Caption-style text data:
^^^^^^^^

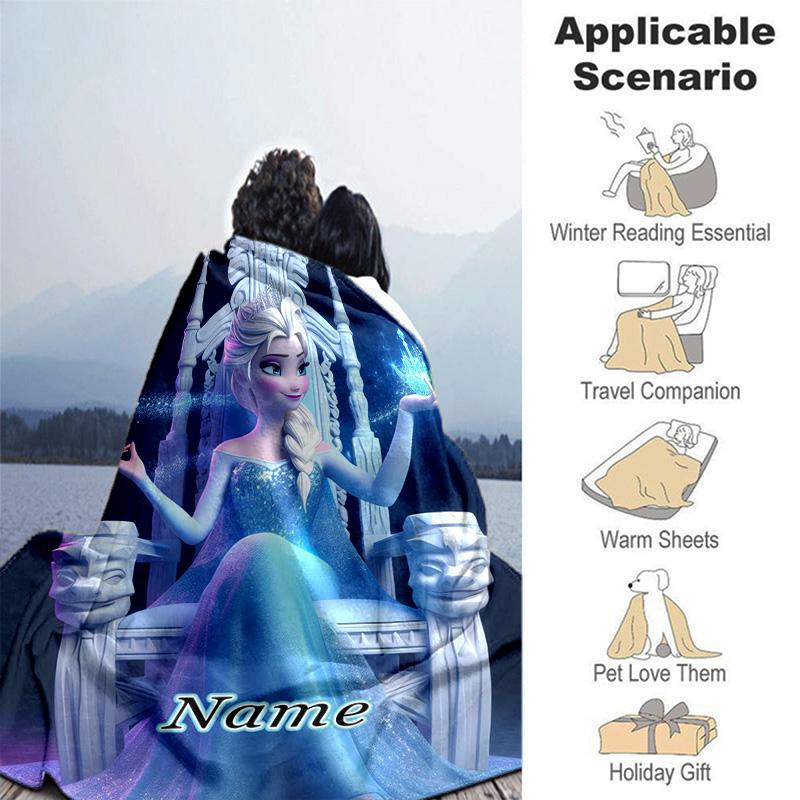 Custom 1pc Elsa's Frozen Adventure Blanket, Soft And Comfortable Blanket, Casual Warm, Camping Travel Blanket, Birthday Gift Q91076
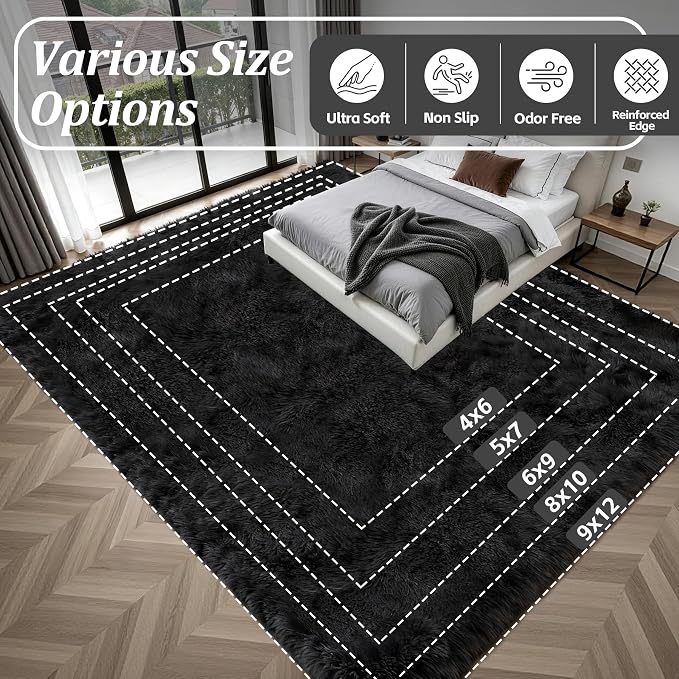 8x10 Area Rug Living Room Bedroom: Fluffy Plush Shag Carpet Black | - Image 9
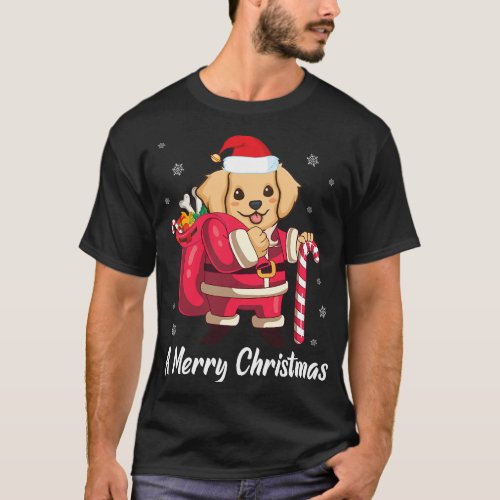 Golden Retriever Dog Santa Presents Snow A Merry C T_Shirt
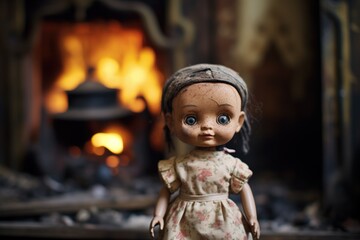 old-fashioned doll with blackened eyes in a burnt room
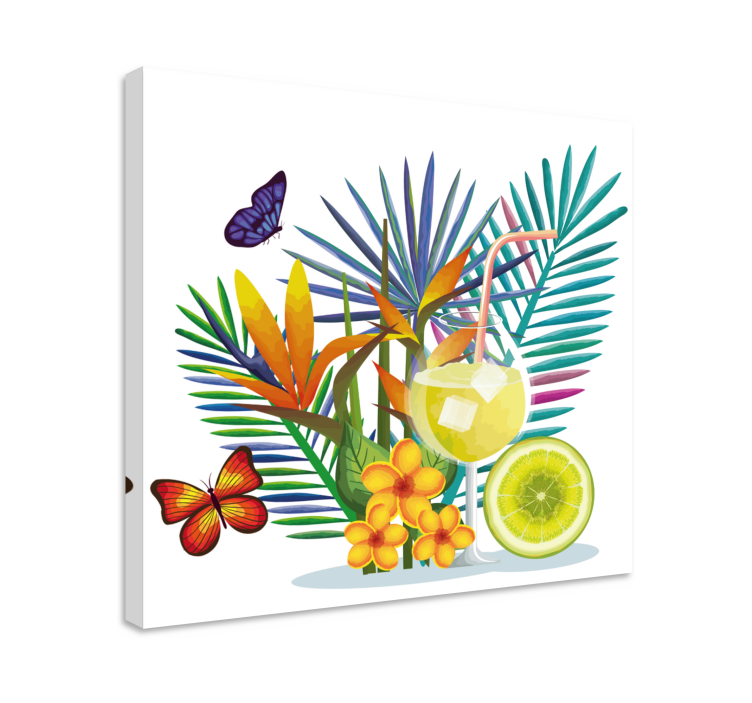 Tableau fleurs et plantes arrangement de boissons tropicales - TenStickers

^^^^^^^^

WHAT IS EXPECTED ▸ Your answer must be exactly the lines from the one with "8x10 Area Rug" through the final line of the data, with no pictures in it.

ANSWER AREA ▸
 8x10 Area Rug Living Room Bedroom: Fluffy Plush Shag Carpet Black | - Image 9
 Golden Retriever Dog Santa Presents Snow A Merry C T_Shirt
 old-fashioned doll with blackened eyes in a burnt room
 Tableau fleurs et plantes arrangement de boissons tropicales - TenStickers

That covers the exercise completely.